*Task objective:*
Please print the entries below exactly, from the line with "Now the report" through the line with "What we're going", including both of those lines and leaving out all others.
= = = = =
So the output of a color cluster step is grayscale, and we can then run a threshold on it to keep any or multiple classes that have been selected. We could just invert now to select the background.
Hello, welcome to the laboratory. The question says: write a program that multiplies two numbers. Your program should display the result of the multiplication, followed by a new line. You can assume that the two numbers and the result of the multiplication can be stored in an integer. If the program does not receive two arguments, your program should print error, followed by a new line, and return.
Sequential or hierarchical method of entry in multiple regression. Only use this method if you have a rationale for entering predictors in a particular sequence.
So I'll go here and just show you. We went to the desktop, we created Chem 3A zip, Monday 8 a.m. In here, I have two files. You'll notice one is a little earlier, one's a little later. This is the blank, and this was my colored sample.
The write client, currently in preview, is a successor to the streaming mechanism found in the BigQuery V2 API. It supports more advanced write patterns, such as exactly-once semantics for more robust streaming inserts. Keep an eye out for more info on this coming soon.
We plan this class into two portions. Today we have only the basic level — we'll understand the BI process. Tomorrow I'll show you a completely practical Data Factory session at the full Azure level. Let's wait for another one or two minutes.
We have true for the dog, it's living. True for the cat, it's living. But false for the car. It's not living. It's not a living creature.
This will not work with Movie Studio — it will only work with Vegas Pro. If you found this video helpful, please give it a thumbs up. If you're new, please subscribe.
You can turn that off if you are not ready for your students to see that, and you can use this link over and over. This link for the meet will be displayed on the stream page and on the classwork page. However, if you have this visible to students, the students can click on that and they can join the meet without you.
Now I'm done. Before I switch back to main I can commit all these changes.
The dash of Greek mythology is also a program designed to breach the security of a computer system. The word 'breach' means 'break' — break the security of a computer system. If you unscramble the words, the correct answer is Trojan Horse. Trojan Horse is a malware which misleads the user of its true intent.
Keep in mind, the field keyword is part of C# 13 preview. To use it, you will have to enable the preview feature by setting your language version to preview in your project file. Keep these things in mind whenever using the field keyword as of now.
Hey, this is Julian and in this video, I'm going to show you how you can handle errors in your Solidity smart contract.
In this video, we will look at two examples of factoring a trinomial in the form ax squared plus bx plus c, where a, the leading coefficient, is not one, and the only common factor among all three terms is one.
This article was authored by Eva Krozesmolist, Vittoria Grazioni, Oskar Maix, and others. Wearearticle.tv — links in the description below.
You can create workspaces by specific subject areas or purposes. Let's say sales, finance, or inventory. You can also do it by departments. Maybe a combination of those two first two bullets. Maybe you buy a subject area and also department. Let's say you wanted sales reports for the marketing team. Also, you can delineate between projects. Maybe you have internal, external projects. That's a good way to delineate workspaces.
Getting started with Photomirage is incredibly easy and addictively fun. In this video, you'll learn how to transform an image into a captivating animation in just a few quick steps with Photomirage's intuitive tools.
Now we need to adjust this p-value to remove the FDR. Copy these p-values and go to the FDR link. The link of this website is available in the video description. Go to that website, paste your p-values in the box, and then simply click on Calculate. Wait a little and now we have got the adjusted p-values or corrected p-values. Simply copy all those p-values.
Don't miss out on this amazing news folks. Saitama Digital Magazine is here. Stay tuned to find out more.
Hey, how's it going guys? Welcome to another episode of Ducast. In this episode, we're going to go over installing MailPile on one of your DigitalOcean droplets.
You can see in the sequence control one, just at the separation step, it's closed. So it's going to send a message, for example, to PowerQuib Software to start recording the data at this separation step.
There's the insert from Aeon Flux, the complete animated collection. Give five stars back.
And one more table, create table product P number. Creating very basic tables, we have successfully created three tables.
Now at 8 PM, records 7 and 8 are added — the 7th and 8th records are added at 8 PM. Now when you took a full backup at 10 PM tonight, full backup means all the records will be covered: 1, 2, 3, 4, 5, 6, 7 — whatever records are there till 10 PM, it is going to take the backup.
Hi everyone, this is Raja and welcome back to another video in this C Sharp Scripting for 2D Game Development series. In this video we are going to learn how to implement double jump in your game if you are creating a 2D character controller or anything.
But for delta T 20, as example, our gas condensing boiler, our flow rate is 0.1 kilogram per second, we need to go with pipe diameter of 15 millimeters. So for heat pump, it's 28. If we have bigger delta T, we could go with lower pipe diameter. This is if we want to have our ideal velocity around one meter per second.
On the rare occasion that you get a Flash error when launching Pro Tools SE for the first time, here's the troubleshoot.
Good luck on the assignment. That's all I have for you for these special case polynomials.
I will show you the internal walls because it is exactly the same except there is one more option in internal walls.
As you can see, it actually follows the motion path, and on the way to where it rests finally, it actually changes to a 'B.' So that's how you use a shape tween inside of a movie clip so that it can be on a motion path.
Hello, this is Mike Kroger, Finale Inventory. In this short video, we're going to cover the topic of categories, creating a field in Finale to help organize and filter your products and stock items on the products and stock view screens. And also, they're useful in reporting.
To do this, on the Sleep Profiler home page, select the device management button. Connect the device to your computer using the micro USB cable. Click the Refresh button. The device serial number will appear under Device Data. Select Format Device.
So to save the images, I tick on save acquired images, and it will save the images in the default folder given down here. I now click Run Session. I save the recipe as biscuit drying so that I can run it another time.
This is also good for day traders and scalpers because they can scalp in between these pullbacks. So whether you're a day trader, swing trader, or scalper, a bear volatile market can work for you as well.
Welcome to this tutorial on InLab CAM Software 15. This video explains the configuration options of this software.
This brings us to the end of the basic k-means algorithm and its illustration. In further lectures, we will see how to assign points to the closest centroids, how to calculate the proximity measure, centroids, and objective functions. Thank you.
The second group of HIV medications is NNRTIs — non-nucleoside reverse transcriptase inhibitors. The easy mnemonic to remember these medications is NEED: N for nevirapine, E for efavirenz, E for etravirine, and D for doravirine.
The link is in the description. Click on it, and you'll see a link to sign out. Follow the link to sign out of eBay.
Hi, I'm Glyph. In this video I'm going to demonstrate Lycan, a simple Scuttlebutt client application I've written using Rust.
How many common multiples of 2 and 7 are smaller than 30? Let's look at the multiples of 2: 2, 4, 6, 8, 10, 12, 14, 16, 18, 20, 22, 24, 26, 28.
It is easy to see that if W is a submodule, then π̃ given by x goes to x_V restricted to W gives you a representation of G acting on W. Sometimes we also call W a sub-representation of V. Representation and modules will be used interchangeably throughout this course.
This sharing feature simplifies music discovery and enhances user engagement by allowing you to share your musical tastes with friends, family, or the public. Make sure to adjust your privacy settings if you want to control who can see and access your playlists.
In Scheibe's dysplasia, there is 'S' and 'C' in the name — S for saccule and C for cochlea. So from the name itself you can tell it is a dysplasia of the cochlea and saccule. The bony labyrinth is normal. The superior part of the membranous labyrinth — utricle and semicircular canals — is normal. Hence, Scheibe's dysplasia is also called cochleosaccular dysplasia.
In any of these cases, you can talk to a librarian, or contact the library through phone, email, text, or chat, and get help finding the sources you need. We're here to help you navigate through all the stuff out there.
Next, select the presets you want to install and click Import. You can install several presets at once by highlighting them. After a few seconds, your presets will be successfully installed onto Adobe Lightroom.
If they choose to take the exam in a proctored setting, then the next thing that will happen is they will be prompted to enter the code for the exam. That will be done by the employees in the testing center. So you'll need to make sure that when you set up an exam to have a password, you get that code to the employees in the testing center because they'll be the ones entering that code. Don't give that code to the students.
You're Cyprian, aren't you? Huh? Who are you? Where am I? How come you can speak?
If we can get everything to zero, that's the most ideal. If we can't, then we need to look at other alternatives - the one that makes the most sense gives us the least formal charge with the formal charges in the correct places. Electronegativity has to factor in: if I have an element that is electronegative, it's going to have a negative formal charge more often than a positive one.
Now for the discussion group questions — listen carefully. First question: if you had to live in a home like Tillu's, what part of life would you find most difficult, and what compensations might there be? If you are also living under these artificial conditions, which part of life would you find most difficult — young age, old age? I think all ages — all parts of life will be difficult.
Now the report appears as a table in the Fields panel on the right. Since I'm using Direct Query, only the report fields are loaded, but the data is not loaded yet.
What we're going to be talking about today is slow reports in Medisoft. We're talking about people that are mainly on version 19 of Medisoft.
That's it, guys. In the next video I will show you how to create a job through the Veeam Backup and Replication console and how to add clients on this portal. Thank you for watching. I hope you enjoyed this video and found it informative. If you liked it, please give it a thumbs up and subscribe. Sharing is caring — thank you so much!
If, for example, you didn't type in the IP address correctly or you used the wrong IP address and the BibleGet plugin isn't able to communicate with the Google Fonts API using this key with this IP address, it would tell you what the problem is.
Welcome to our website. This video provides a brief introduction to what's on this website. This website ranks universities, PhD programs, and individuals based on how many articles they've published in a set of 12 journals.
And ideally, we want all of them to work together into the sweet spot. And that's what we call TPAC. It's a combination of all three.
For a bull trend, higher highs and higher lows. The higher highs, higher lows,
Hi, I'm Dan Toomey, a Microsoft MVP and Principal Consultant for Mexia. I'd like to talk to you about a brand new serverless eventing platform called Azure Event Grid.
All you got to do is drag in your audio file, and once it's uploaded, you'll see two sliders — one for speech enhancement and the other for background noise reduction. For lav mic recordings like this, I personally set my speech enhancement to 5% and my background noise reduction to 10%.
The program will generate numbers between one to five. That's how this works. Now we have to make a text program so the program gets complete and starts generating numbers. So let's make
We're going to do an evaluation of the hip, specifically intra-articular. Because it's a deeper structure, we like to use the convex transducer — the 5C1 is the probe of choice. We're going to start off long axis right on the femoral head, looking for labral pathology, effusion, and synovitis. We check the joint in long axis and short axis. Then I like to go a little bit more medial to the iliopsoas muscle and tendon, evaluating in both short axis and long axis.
= = = = =
*Response:*
Now the report appears as a table in the Fields panel on the right. Since I'm using Direct Query, only the report fields are loaded, but the data is not loaded yet.
What we're going to be talking about today is slow reports in Medisoft. We're talking about people that are mainly on version 19 of Medisoft.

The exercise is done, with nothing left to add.